> **Prompt**
Your job is to retype the whole listing exactly.

+++++













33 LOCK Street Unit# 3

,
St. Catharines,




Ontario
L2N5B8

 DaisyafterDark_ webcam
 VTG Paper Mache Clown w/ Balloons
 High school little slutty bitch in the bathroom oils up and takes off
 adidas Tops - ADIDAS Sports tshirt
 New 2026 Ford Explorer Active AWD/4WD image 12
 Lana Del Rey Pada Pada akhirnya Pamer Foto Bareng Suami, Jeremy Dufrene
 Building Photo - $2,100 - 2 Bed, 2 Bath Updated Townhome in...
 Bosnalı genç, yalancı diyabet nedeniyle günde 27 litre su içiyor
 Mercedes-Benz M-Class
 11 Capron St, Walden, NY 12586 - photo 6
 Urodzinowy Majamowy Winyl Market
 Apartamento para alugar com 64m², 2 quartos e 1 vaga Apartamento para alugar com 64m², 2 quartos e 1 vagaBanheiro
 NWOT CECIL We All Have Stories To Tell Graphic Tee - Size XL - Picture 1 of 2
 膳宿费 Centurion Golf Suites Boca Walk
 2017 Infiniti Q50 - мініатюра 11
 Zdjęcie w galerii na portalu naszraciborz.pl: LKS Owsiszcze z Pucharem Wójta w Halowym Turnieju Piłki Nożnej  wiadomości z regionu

+++++

> **Solution to the problem**
33 LOCK Street Unit# 3

,
St. Catharines,




Ontario
L2N5B8

 DaisyafterDark_ webcam
 VTG Paper Mache Clown w/ Balloons
 High school little slutty bitch in the bathroom oils up and takes off
 adidas Tops - ADIDAS Sports tshirt
 New 2026 Ford Explorer Active AWD/4WD image 12
 Lana Del Rey Pada Pada akhirnya Pamer Foto Bareng Suami, Jeremy Dufrene
 Building Photo - $2,100 - 2 Bed, 2 Bath Updated Townhome in...
 Bosnalı genç, yalancı diyabet nedeniyle günde 27 litre su içiyor
 Mercedes-Benz M-Class
 11 Capron St, Walden, NY 12586 - photo 6
 Urodzinowy Majamowy Winyl Market
 Apartamento para alugar com 64m², 2 quartos e 1 vaga Apartamento para alugar com 64m², 2 quartos e 1 vagaBanheiro
 NWOT CECIL We All Have Stories To Tell Graphic Tee - Size XL - Picture 1 of 2
 膳宿费 Centurion Golf Suites Boca Walk
 2017 Infiniti Q50 - мініатюра 11
 Zdjęcie w galerii na portalu naszraciborz.pl: LKS Owsiszcze z Pucharem Wójta w Halowym Turnieju Piłki Nożnej  wiadomości z regionu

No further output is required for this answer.